Starmer’s message to Labour is clear: time to choose.

Paul Richards
3 min readSep 22, 2020
Keir Starmer: rebuilding the Red Wall

Perhaps the most significant thing about Keir Starmer’s speech to his party’s virtual conference was the person introducing him. Ruth Smeeth represents the former MPs who lost Red Wall seats in 2019 thanks to Jeremy Corbyn. And yes, the speech was delivered in Doncaster (near Don Valley, another Red Wall seat that fell). Starmer even contrived to speak in front of an actual brick wall that was red, just in case the message wasn’t clear.

But the deeper significance is that Ruth Smeeth is a respected Jewish Labour activist and steadfast opponent of Labour antisemitism. The online Corbynites went apeshit the moment she appeared, triggered by the very presence of a Jewish Labour woman. It was a watershed moment — when the Leader showed he meant business about tackling anti-Jewish racism, and prefigured even tougher action once the EHRC report finally appears.

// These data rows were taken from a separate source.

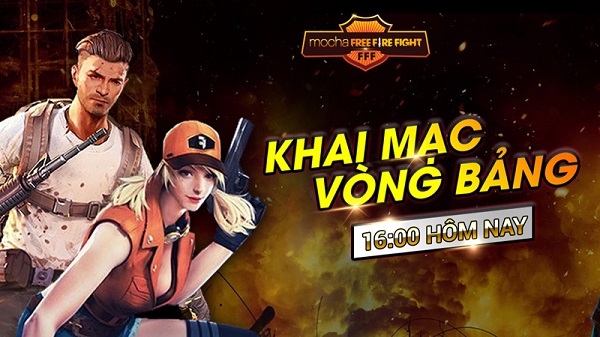 Trước trận khai mạc vòng Bảng Mocha FFF, Caster WinWin khẳng định: Giải đấu công bằng, cơ hội chia đều cho tất cả! - Hình 1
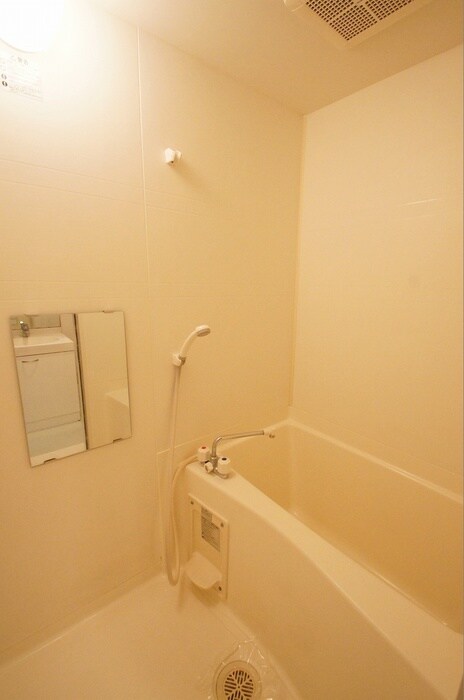物件内観写真19　(バス／シャワールーム等)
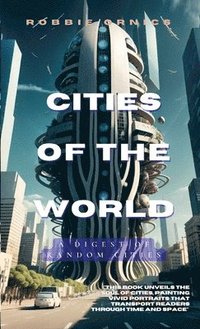 bokomslag Cities of the World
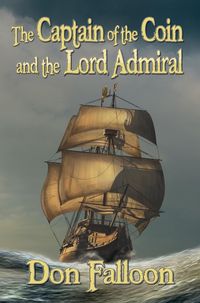 Produktbild: The Captain of the Coin and the Lord Admiral
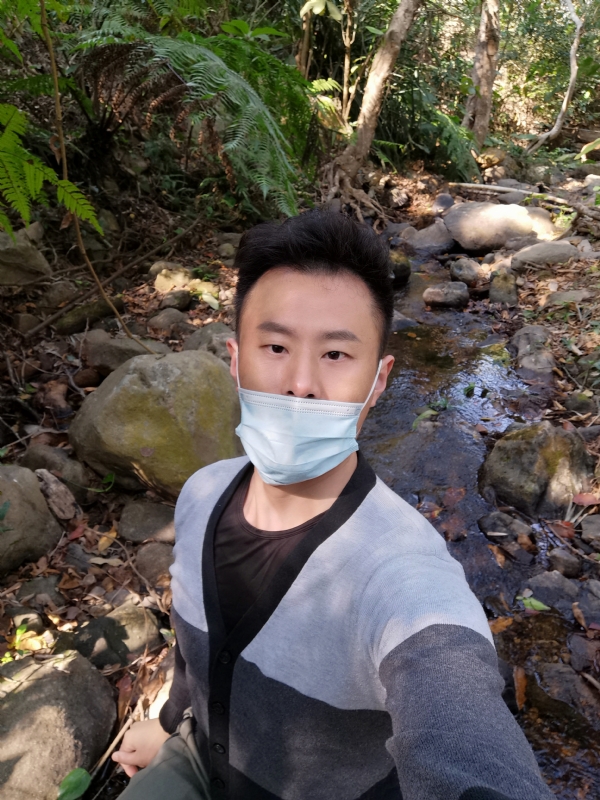 Rock的第一张照片--惠州相亲服务中心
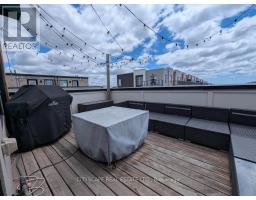 4 - 142 William Duncan Road, Toronto, ON M3K0C1 Photo 20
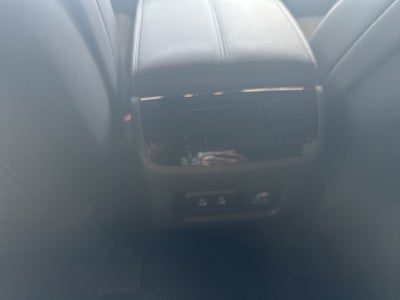 2027 INFINITI QX60 Autograph AWD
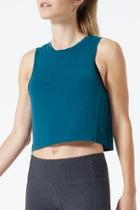  Crop Tank Top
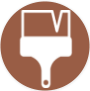 Instructions for varnishing wooden worktop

The whole speech was bad news for Corbynistas. Three Labour leaders got namechecks — Attlee, Wilson, Blair (the ones who won). The one who most recently lost — Corbyn — was not named, but was certainly blamed for Labour’s defeat. ‘Never again’ said Starmer, did he want to go into an election not trusted on national security, jobs or people’s money. After naming three winners, Starmer said he wanted to be the fourth.

The framing of the speech — the future versus the past, competence versus incompetence, new versus old — was a clear rebuke to those harking back to the glorious victory of 2017 or the endless chanting. It’s all over. The next manifesto, said Starmer, whilst unwritten, would be unrecognisable, ‘not like anything you’ve heard before’ and represent the ‘future arriving.’ Bad news if you think the 2019 manifesto is holy writ.

Starmer was unafraid to praise Labour’s achievements (unlike the Corbynistas who routinely airbrush out the Blair and Brown Governments). He was also unafraid to talk about his record fighting for justice, prosecuting the killers of Stephen Lawrence, running the CPS, and the joy of his parents when he went to Buckingham Palace to receive his Knighthood. He talked a lot about family values — his family connection to Doncaster, his own parents, his pride in his own family. Pretty normal stuff to the voters, but radical after the last four and a half years.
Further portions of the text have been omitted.